DATASET RECORDS:
#####

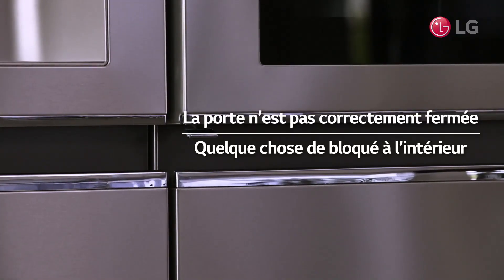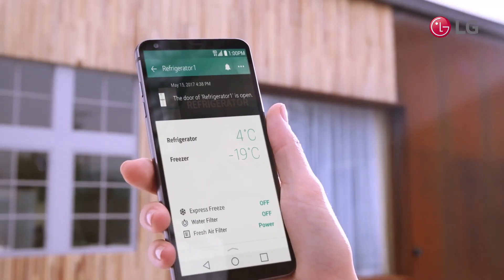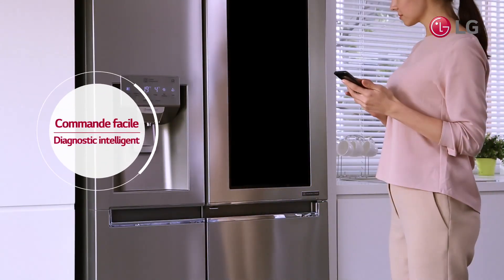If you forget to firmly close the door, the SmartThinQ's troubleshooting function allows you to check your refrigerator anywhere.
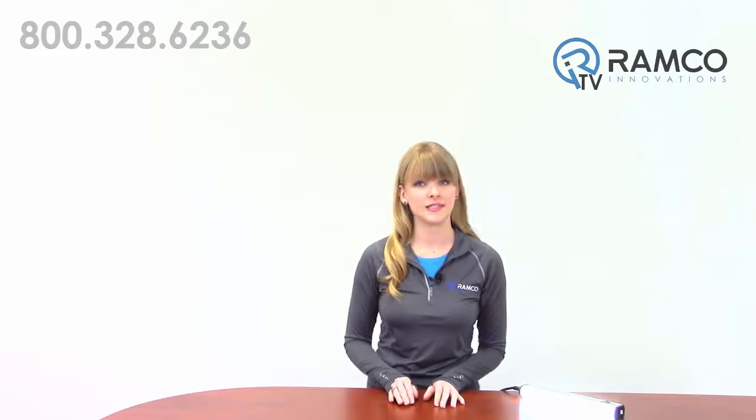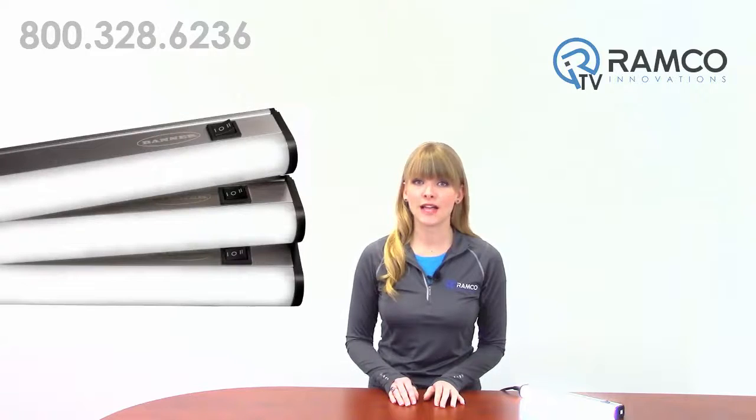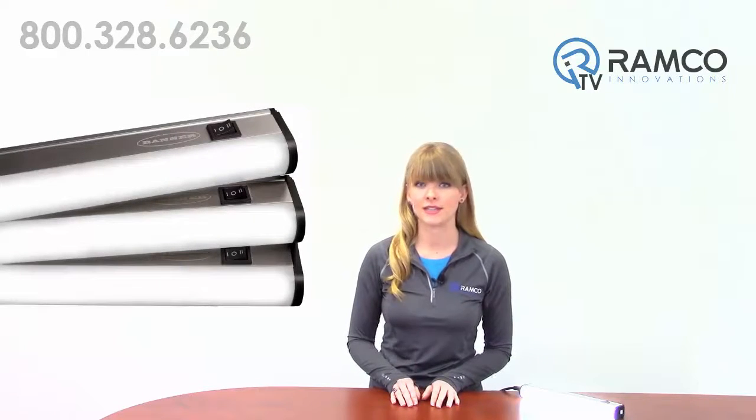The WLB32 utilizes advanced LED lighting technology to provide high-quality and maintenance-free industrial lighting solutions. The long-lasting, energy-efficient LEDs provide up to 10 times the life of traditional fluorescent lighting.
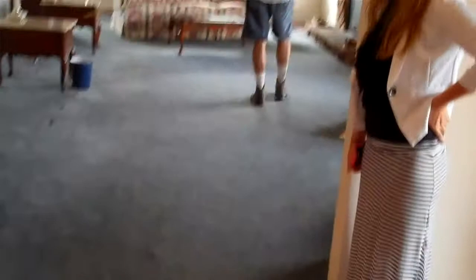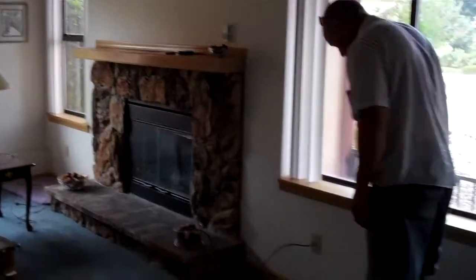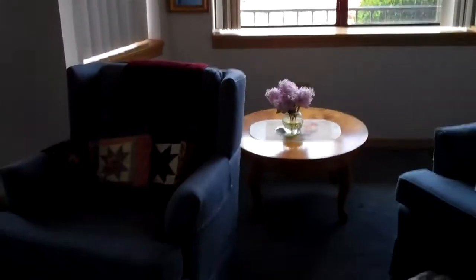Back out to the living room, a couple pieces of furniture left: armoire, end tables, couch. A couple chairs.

#####

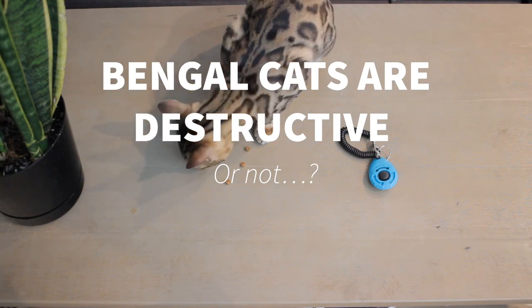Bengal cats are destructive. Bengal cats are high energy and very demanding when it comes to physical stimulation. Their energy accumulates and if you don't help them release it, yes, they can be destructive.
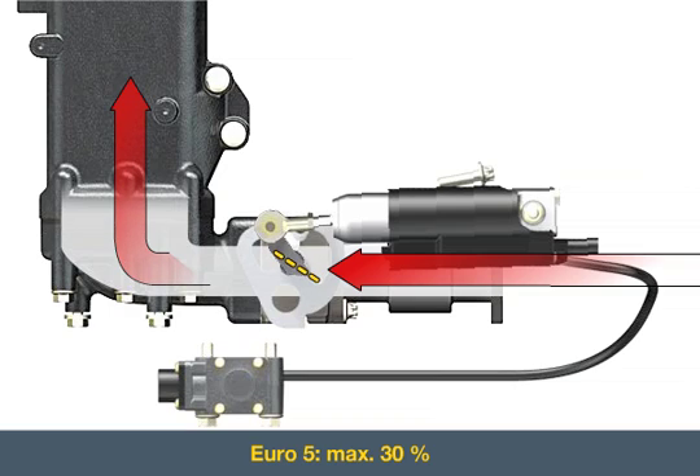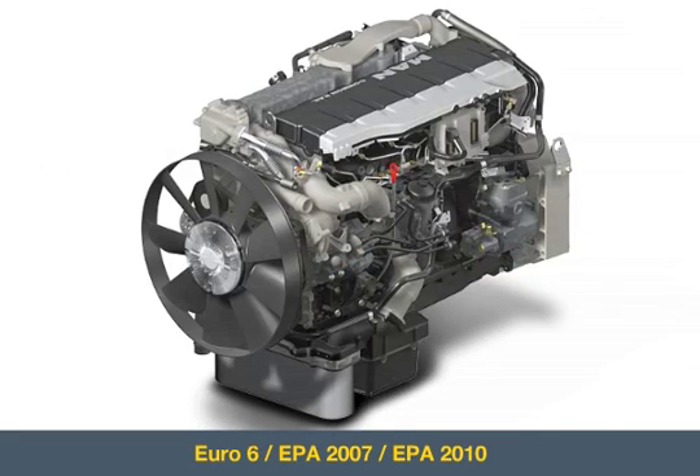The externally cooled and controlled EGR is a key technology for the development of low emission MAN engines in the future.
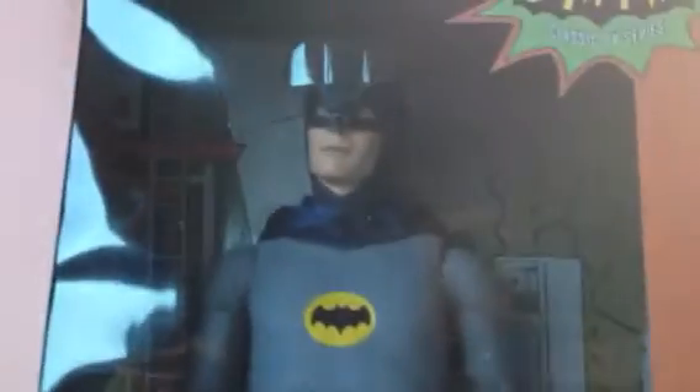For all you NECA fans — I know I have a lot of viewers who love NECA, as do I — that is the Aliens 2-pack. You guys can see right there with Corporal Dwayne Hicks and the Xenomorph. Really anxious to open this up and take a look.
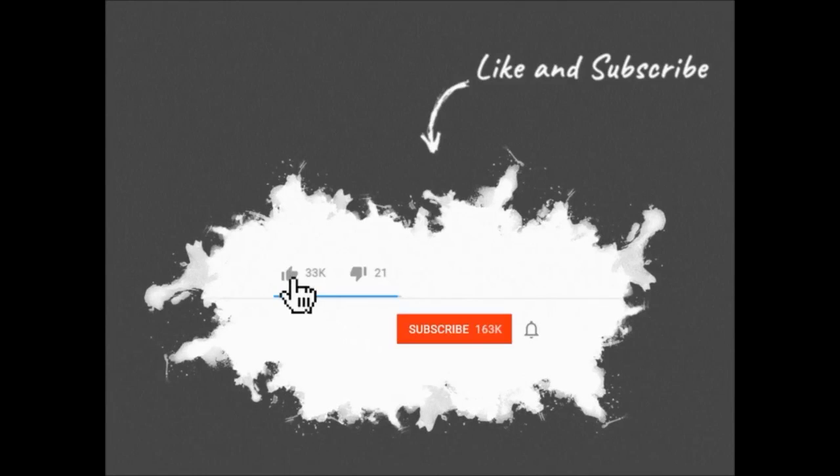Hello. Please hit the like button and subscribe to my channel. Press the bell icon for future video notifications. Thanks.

#####

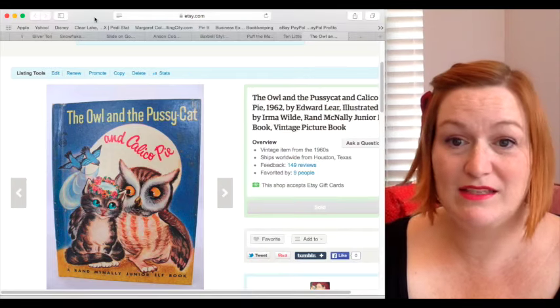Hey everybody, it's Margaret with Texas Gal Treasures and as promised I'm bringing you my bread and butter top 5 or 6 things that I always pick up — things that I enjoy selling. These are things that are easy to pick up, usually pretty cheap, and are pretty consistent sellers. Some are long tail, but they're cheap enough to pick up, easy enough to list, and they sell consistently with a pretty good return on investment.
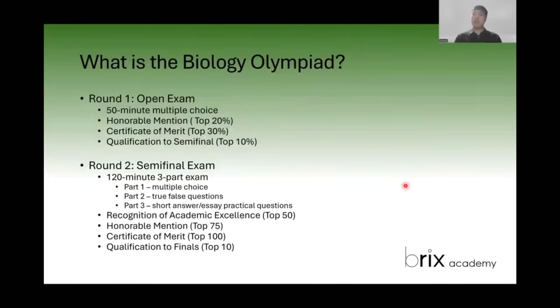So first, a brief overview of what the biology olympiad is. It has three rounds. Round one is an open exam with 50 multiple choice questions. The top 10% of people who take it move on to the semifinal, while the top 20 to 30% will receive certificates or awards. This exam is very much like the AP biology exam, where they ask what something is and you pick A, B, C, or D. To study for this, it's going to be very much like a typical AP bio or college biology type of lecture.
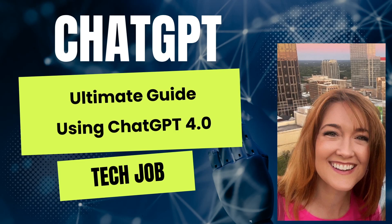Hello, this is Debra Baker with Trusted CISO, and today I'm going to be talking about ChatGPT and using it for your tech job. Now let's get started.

#####

PROMPT: Taking the records above, print only and exactly the lines from the line with "If you forget" to the line with "Back out to", both kept, and exclude pictures.

REPLY TO THE TASK:
If you forget to firmly close the door, the SmartThinQ's troubleshooting function allows you to check your refrigerator anywhere.
The WLB32 utilizes advanced LED lighting technology to provide high-quality and maintenance-free industrial lighting solutions. The long-lasting, energy-efficient LEDs provide up to 10 times the life of traditional fluorescent lighting.
Back out to the living room, a couple pieces of furniture left: armoire, end tables, couch. A couple chairs.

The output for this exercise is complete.